A flash mob in Victoria? (video proof)
Video: Jam Fest performer and bass player Garen Tea discusses playing at Jam Fest.
The Saturday rain showers didn't dampen Rene Chase's spirits. She tapped her feet and sang along to sounds of Clay Crockett.
Although the 53-year-old Victoria native traded in Corpus Christi city life to move back home, she doesn't feel deprived.
"There's always something to do here," she said.
Chase said she's been introduced to so many artists because of the Victoria Fine Arts Association.
The all-volunteer organization hosted the JAM Fest at DeLeon Plaza where almost 1,000 people attended the association's signature event.
This year, organizers changed the jazz theme to offer a broader array of sound. There was a mix of local acts, out-of-town bands and a flash mob to stun the crowd.
"Our sound is diverse and that's what they want," said Mona Gonzales, the art organization's secretary. She said changing the sound got more young people involved such as Arturo Fonseca.
The 20-year-old Victoria College student said music has made him a better person. He played the trombone and bass for the festival.

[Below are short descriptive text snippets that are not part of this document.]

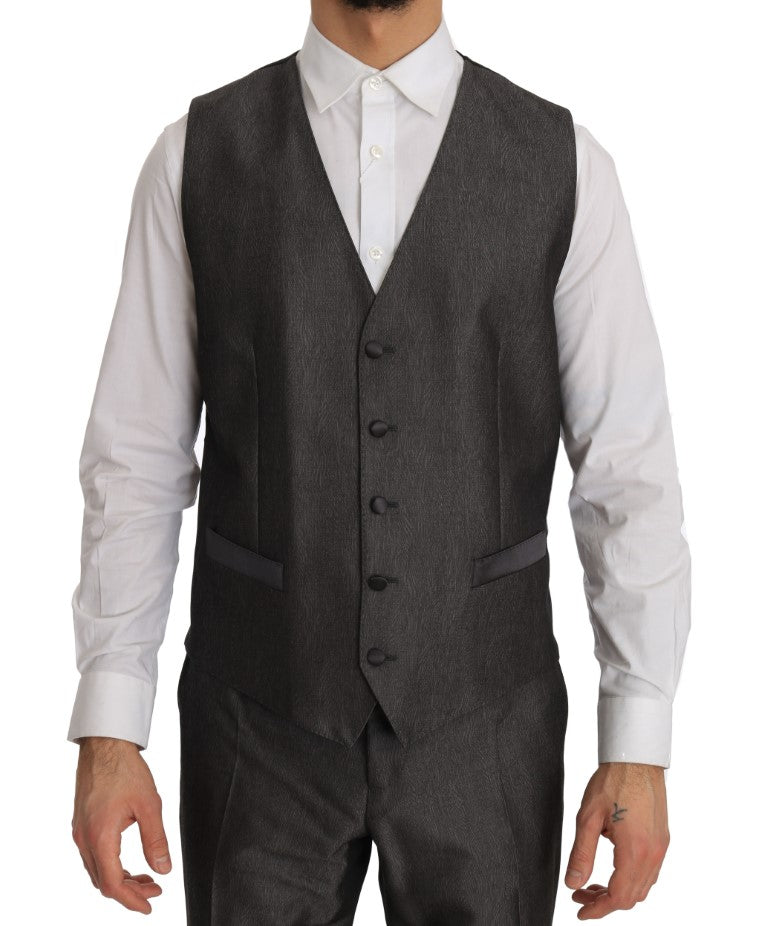 Gray Silk Wool MARTINI Slim Fit 3 Piece Suit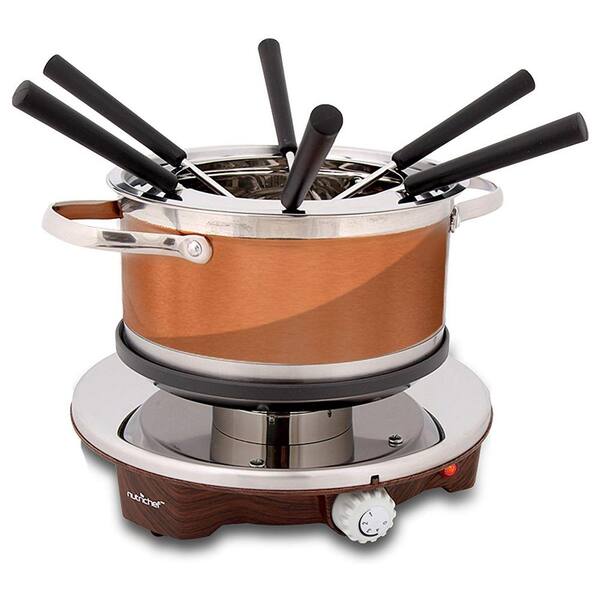 NutriChef Electric Melting Pot - Fondue Maker with Dipping Forks, Stainless Steel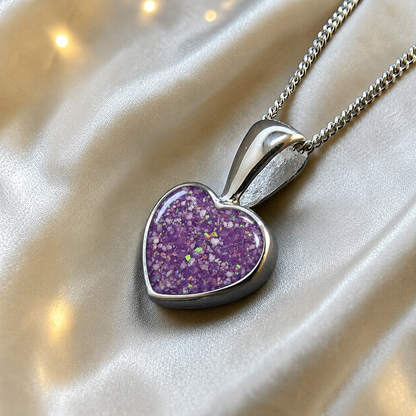 Capella small heart memorial pendant in rose pink, handcrafted in Lancashire UK - by Keepsake memorial Jewellery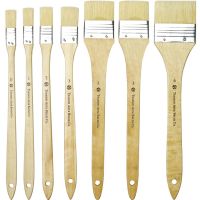 中盛画材猪鬃长杆油画刷板刷猪鬃笔刷丙烯颜料水粉刷刷子7支套装 0#(毛宽13mm)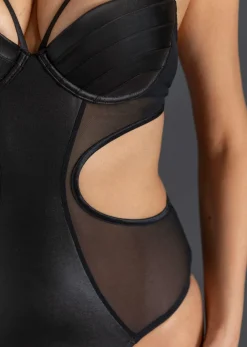 bonprix bonprix Body con tanga con abertura y efecto mojado Negro Clearance
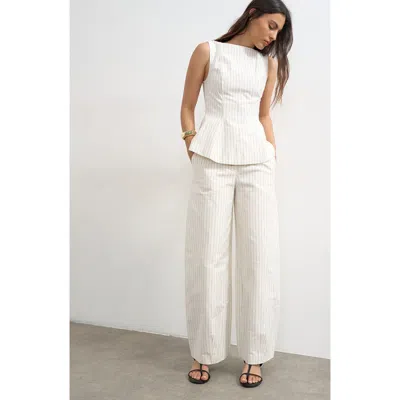 Topshop Striped Barrel Leg Pants In White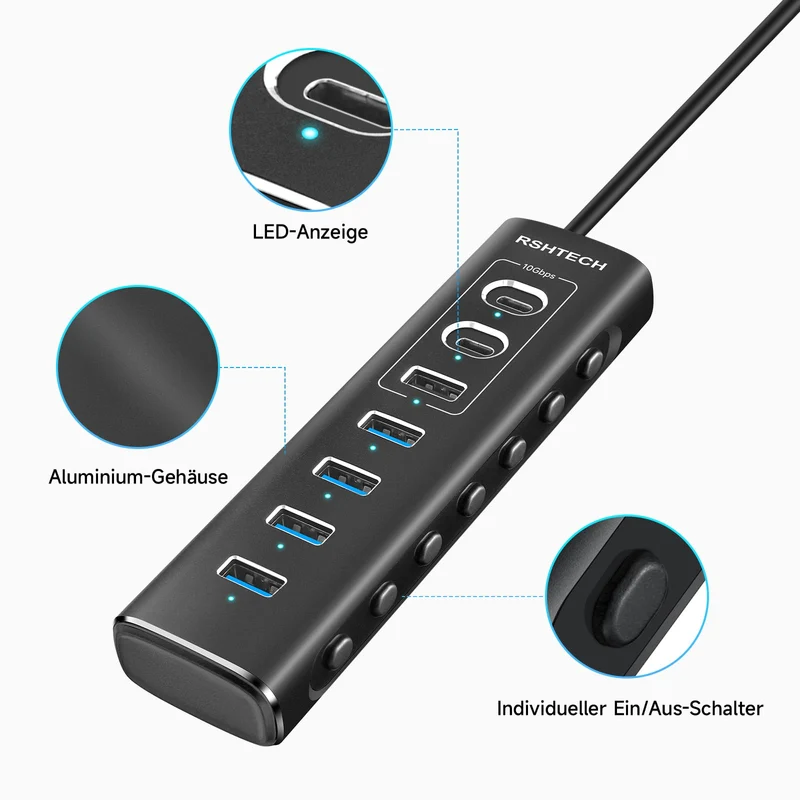 RSHTECH 7 Port USB C 3.0/3.2 Hub mit Netzteil & Anschluss-Steuerschalter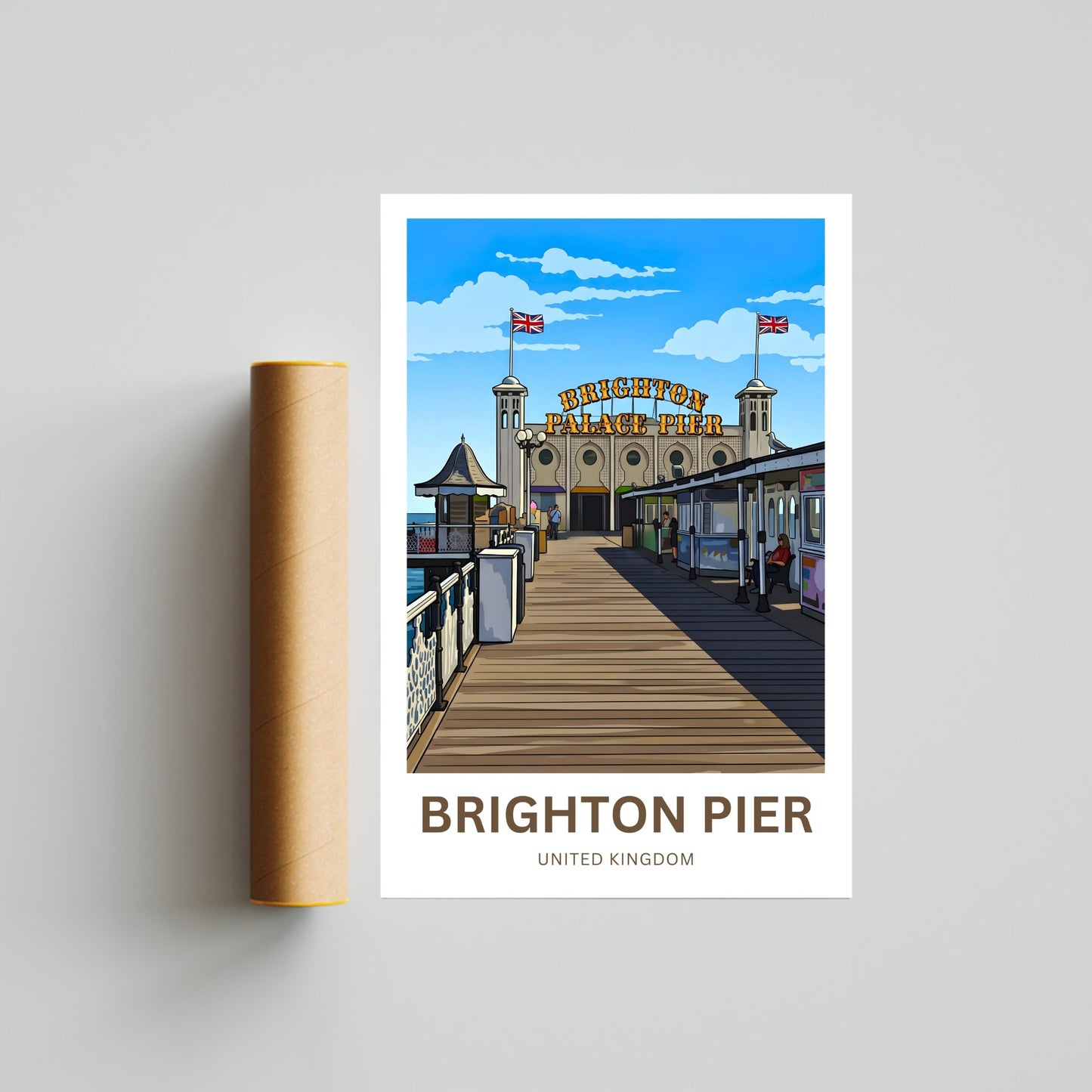 Brighton Pier Travel Poster - Carnival by the Coast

At first he used to get the jitters playing in front of large crowds but he has learned to perform. "It's just natural now," he said.
Denise Felder skipped her Saturday ritual of bingo to attend JAM Fest.
The 51-year-old New Jersey native was partying since 11:30 a.m. and enjoyed the variety of music - from "Let's Stay Together" by Al Green to "Sweet Home Alabama" by Lynyrd Skynyrd.
Felder said other concert attendees helped put her in a good mood, "Have you ever seen so many people so calm yet so into it," she said.
Cherlyn Hodge wanted to spend her birthday at the JAM Fest. The 27-year-old advising specialist said she loves all types of music.
Hodge didn't feel as if she missed out on normal birthday traditions of going to dinner and cake cutting.
"I got the best of all worlds right here. You get to eat and listen to live music," she said.
It may not have been Chase's birthday on Saturday, but the fun-loving grandmother stopped counting her age years ago.
"My son says I act like I'm 25," she said. Some of her friends thought she was crazy to move back to a smaller town.
Twenty years ago she decided she wanted to raise her family in her hometown. When she gets the chance to brag, she does by sending pictures during event like JAM Fest.
"I tell them, 'See this is what you miss by living in a big city,'" she said.